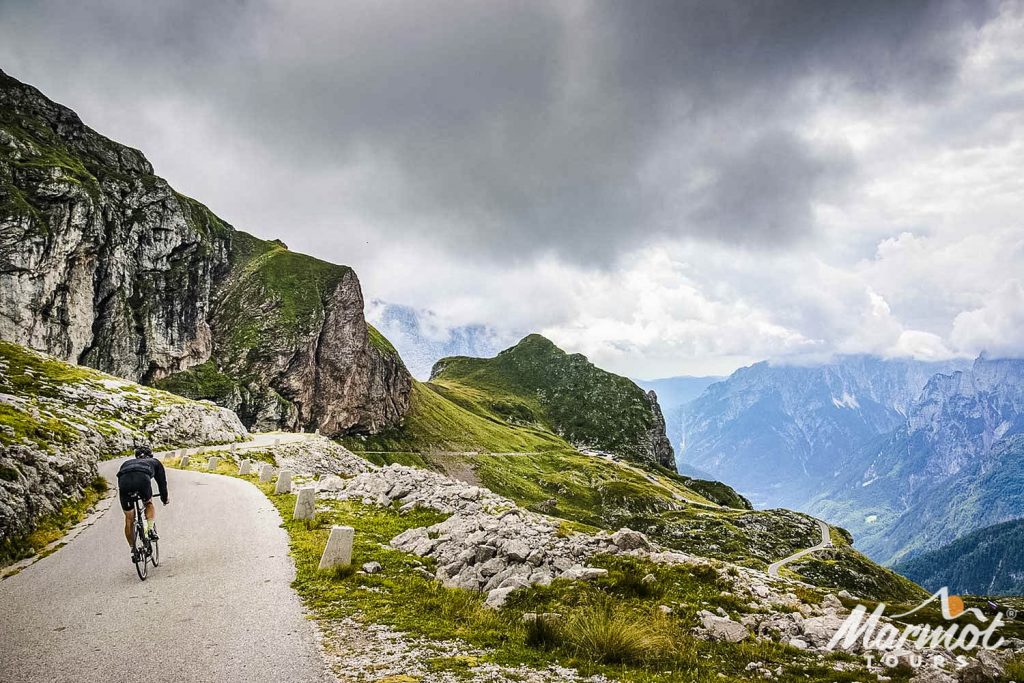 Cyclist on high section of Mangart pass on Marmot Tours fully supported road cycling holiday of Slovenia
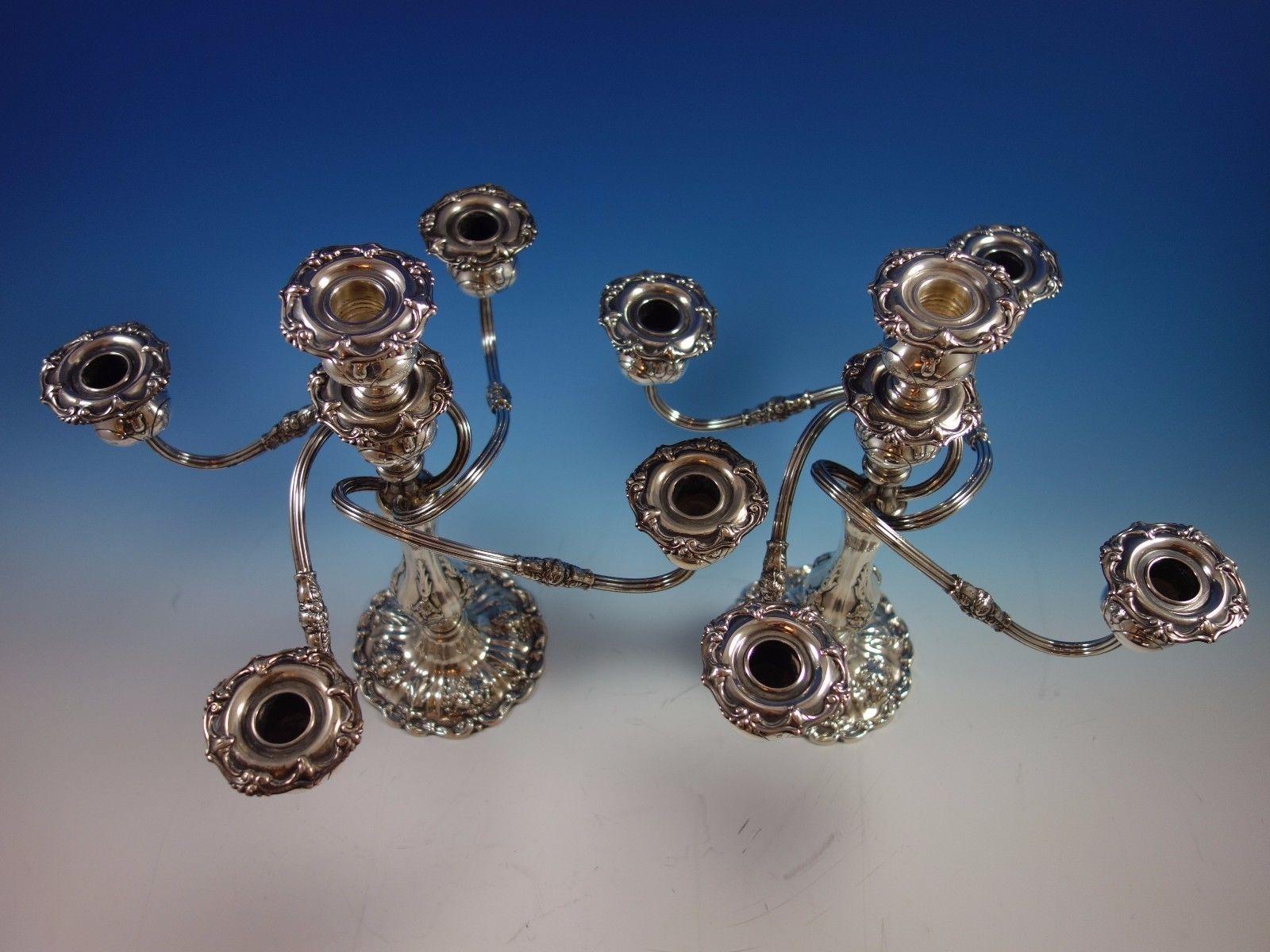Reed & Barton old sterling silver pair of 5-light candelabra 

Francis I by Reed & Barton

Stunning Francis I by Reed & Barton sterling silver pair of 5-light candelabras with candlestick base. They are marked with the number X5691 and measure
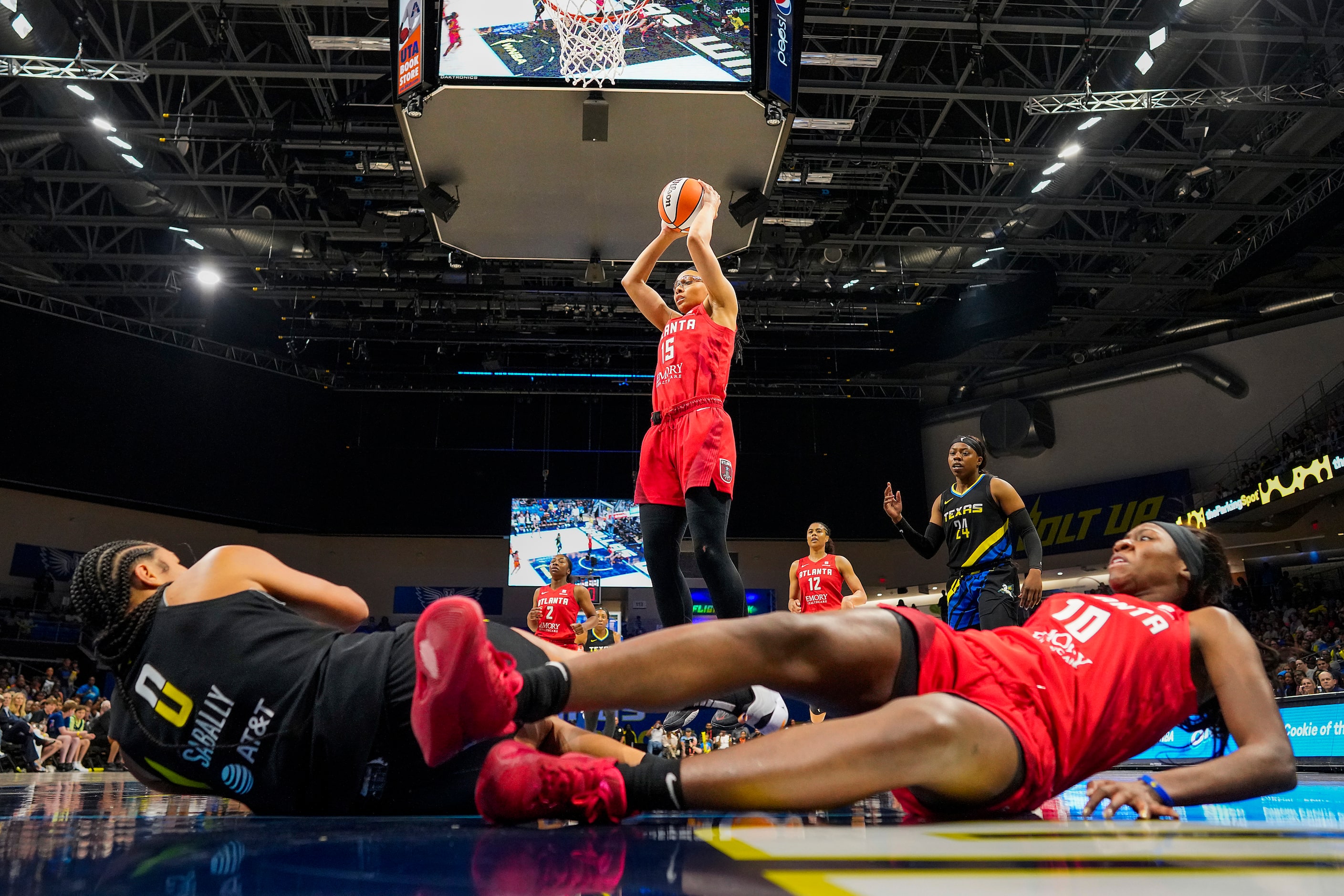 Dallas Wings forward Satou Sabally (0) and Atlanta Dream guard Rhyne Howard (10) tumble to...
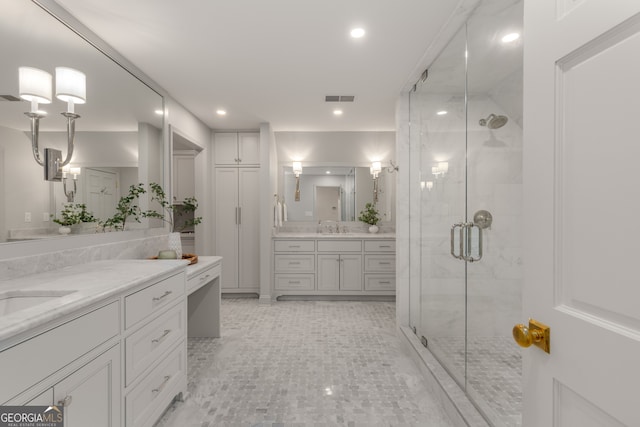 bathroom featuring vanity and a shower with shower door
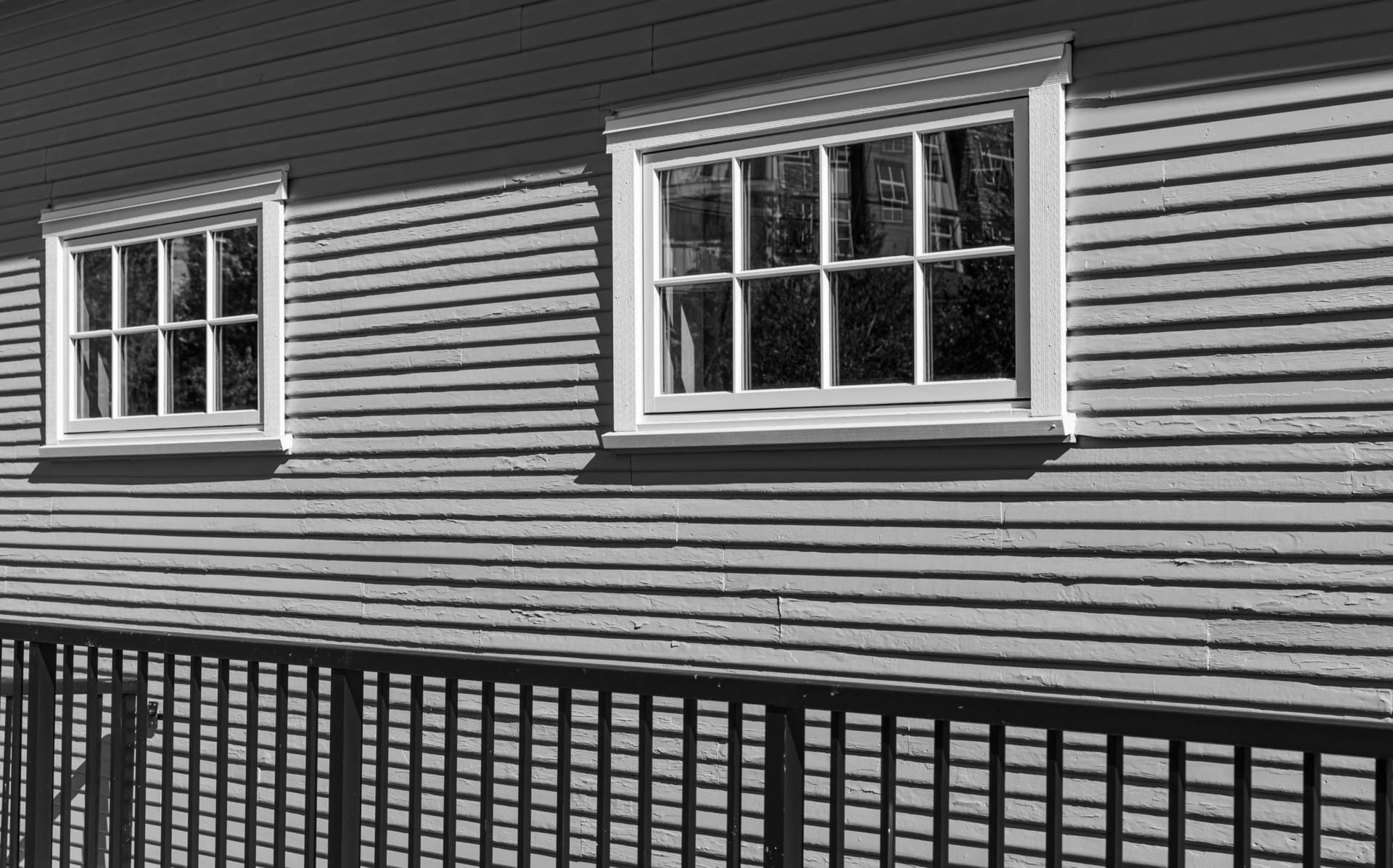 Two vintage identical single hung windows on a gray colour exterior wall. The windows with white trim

REQUIRED ACTION
Only the lines from the one that holds "Stunning Francis I" through the end of the records above should be printed again, exactly as they are. Leave out the pictures.

REPLY
Stunning Francis I by Reed & Barton sterling silver pair of 5-light candelabras with candlestick base. They are marked with the number X5691 and measure
 Dallas Wings forward Satou Sabally (0) and Atlanta Dream guard Rhyne Howard (10) tumble to...
 bathroom featuring vanity and a shower with shower door
 Two vintage identical single hung windows on a gray colour exterior wall. The windows with white trim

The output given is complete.